Ludic decisions on screen and paper: anti-agency in If on a winter’s night a traveler and The Stanley Parable

Supervisor:

Prof. Grant Hamilton
Abstract

To writer and director Davey Wreden, The Stanley Parable is not a power struggle between the creator and the player, nor is it a power struggle between Stanley and the narrator; it is a game about understanding these author-player dynamics and identifying the degree of agency and control one might be able to exercise within these narratological constraints. The same is arguably true for Italo Calvino’s If on a winter’s night a traveler. The novel is an opportunity for the reader to read into second-person pronouns and the author’s affirmations, for the two to work together despite these oppositional, at times even antagonistic narrative dynamics.
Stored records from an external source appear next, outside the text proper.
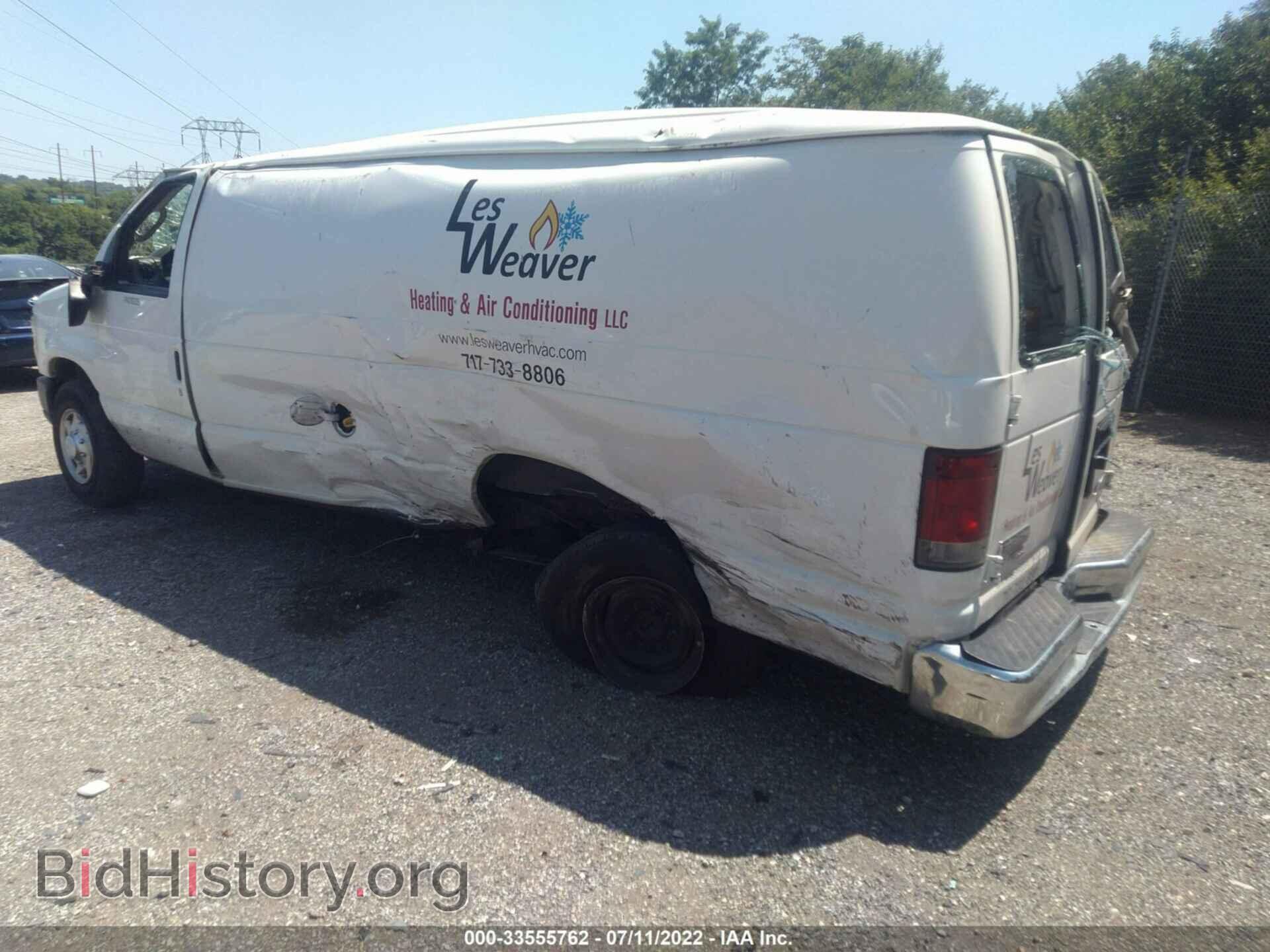 2013 FORD ECONOLINE CARGO VAN - VIN: 1FTNS2EL8DDA51730 - Фото 3
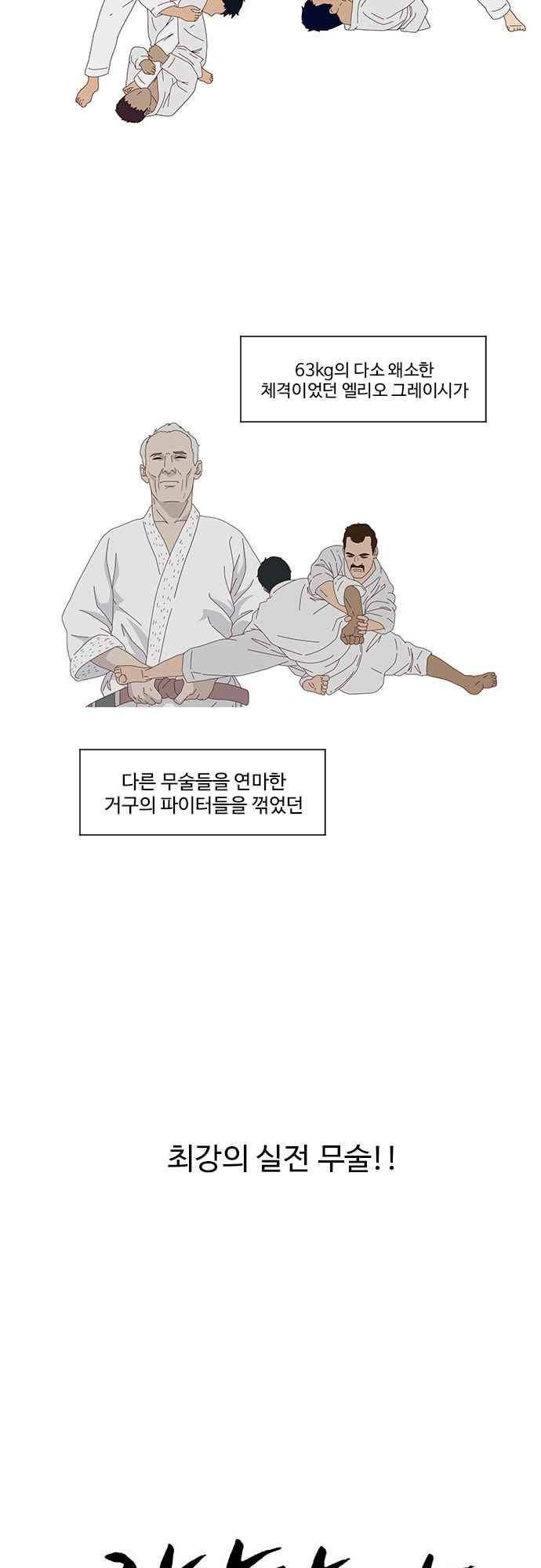 라라파루자 34화 2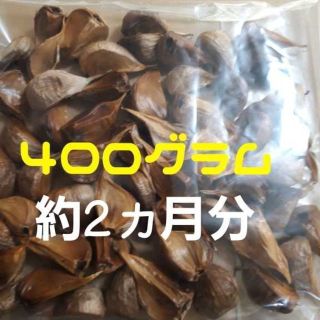 熟成黒にんにく！にんにく農家が作ってます(400グラム)約２ヶ月分(野菜)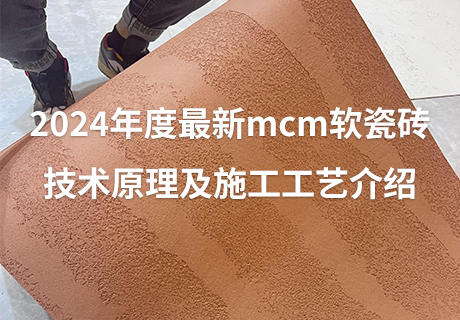 行业动态_广东仿石漆_软瓷洞石夯土板布纹石_鎏金板厂家-万彩吧建材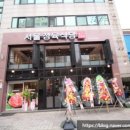 하나로정육식당 이미지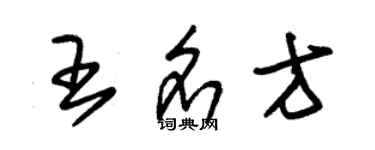 朱錫榮王名方草書個性簽名怎么寫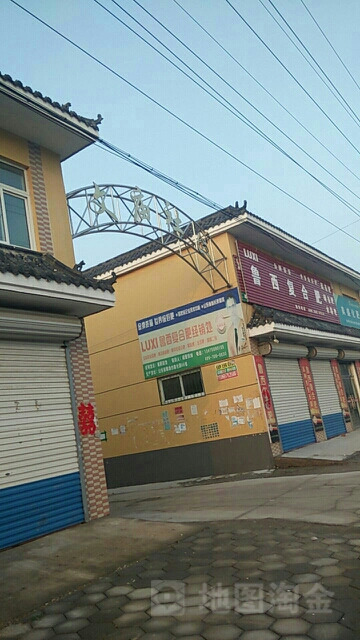 山东省聊城市东昌府区文庙社区(北城墙商业街南90米)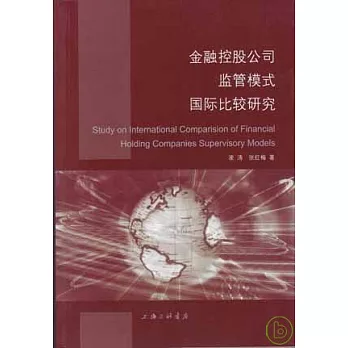 金融控股公司監管模式國際比較研究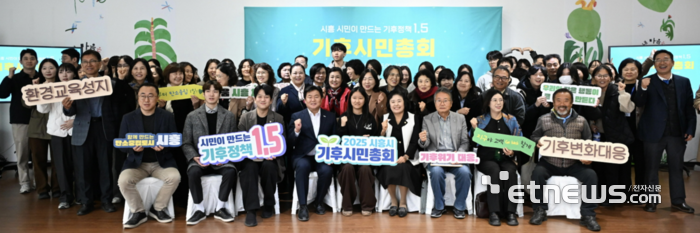 임병택 시흥시장(앞줄 왼쪽 네 번째)이 기후시민총회에서 시민들과 기념 촬영했다.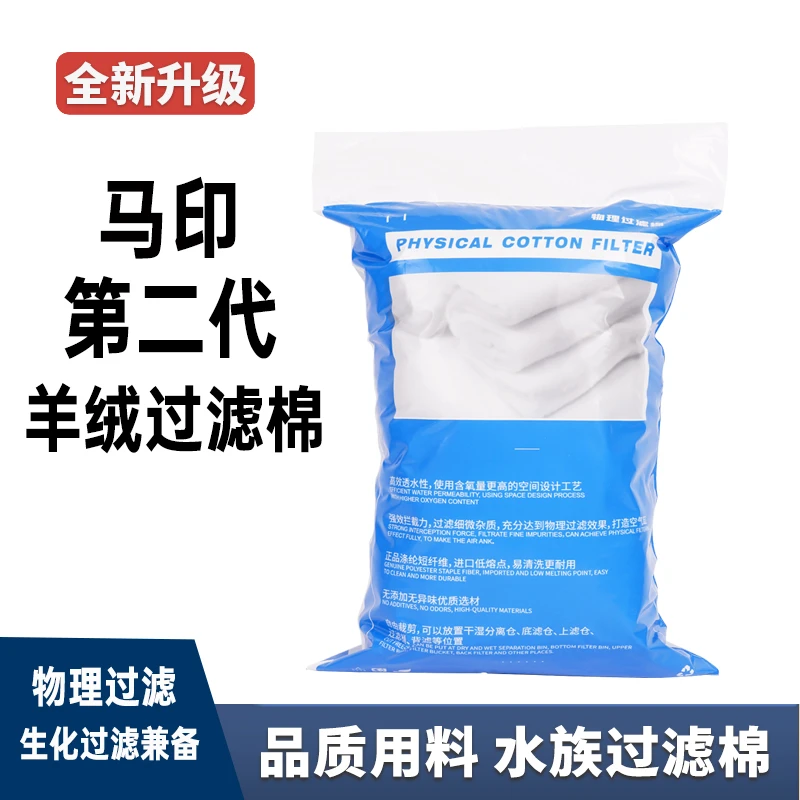 马印第二代羊绒过滤棉水族专用手撕羊绒棉高效净化水质拦截透水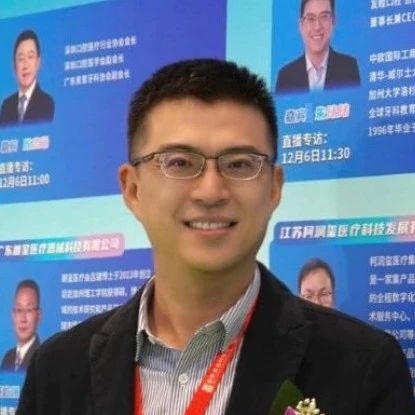 朱伟玮，来自广东友睦口腔，出任中华口腔医学会第六届「民营口腔医疗分会」常务委员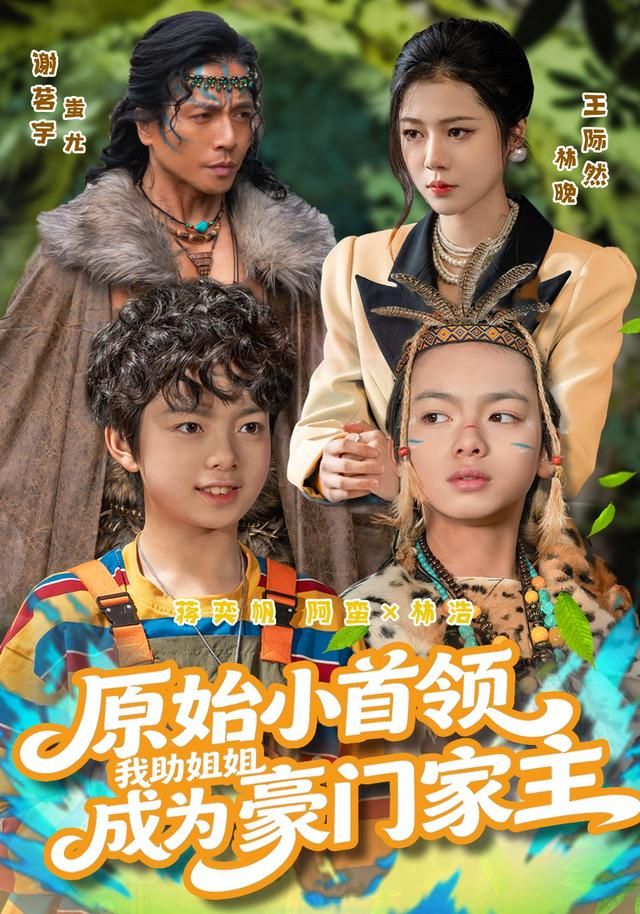 极光之恋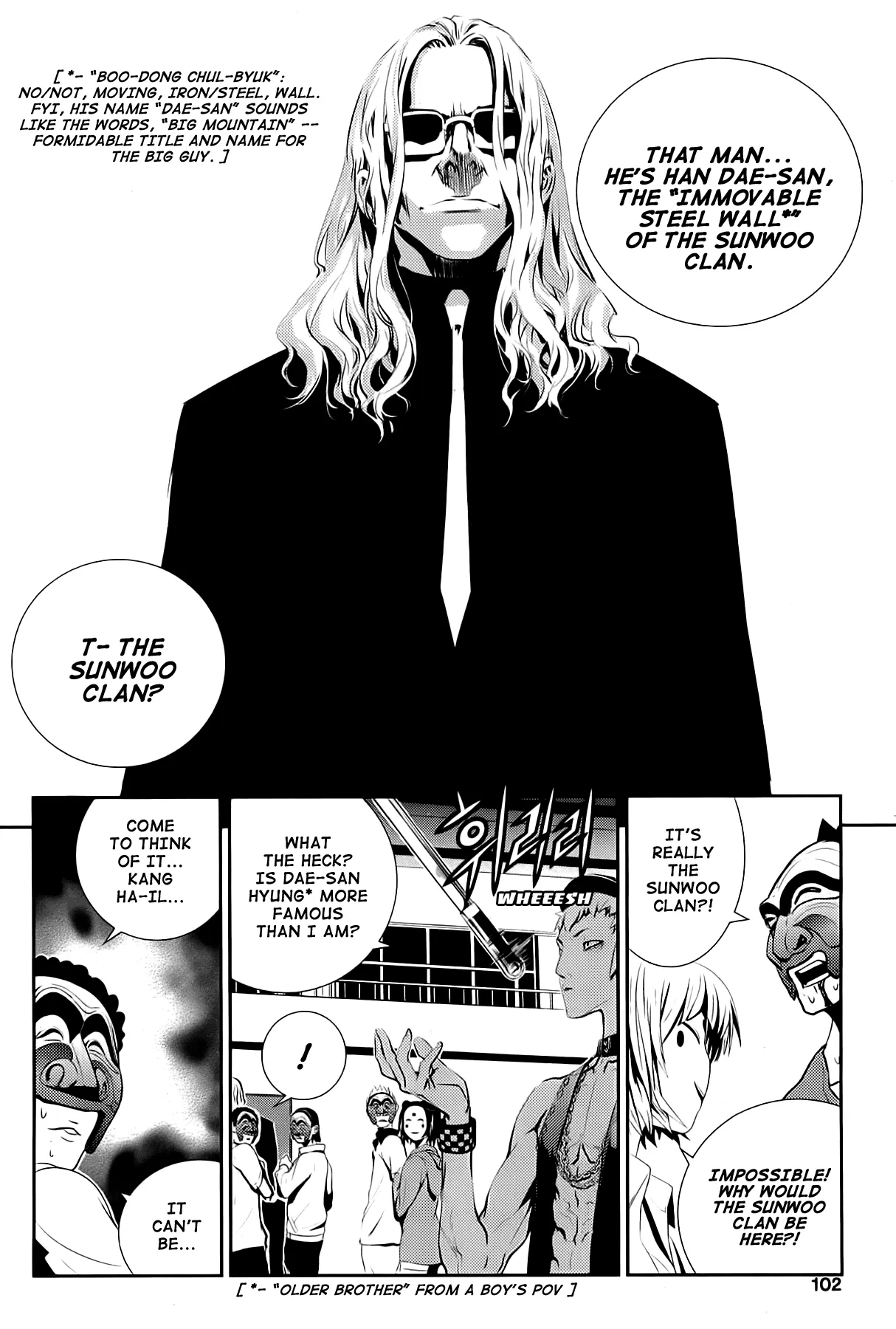 Read The Breaker New Waves EN Manga Online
But regardless of how much power the author decides to defer to the audience, be it in the literary or gamic realms of ludos, the authorial position, by definition, is one of certainty. Of course, this is not to undermine the faculties of the reader/player, nor is it to cede complete authority to the creator. Agency is simultaneously concrete and illusory: The Stanley Parable’s doors are at the same time a celebration of agential procedurality and a myriad of fully scripted plot points, If on a winter’s night’s narrator simultaneously a bastion of authorial power and the Reader’s confidant. It is a mutually beneficial relationship that is paradoxically complemented with mutually assured destruction. Yet, the player/author still needs an authorial voice to validate and legitimise their ability to deliberate control within the narrative. The player’s role as a participatory element in the game-space falls back on the material constraints of the novel-form; that is, any decisions made in the game-space should be considered anti-agential. As such, what remains constant across both gamic and literary mediums is the author’s narrative voice: the harbinger of the traditional novel-form.

Reflection

I initially chose this project to attempt to draw some boundaries of agency in literary and gamic mediums, as such, it functions more a prologue than as a self-sustaining source of knowledge. This is to say that there is a lot more to be understood regarding how, within these boundaries, agency is depicted in literature and how games implement systems that make use of the player’s decision-making capabilities to tell stories, ask questions, and speak truth to power. To analyse the limitations of agency in the game-form is to gain a better understanding of how games can sensitively and intelligently contend with the depiction of the experiences of the oppressed, to understand the perennial anxieties of freedom and alienation. Raoul Vaneigem wrote that “the desire to play has returned to abolish the hierarchical society which banished it”, and that, I think, is the significance, perhaps not of this paper, but of analyses of procedural agency in games going forward.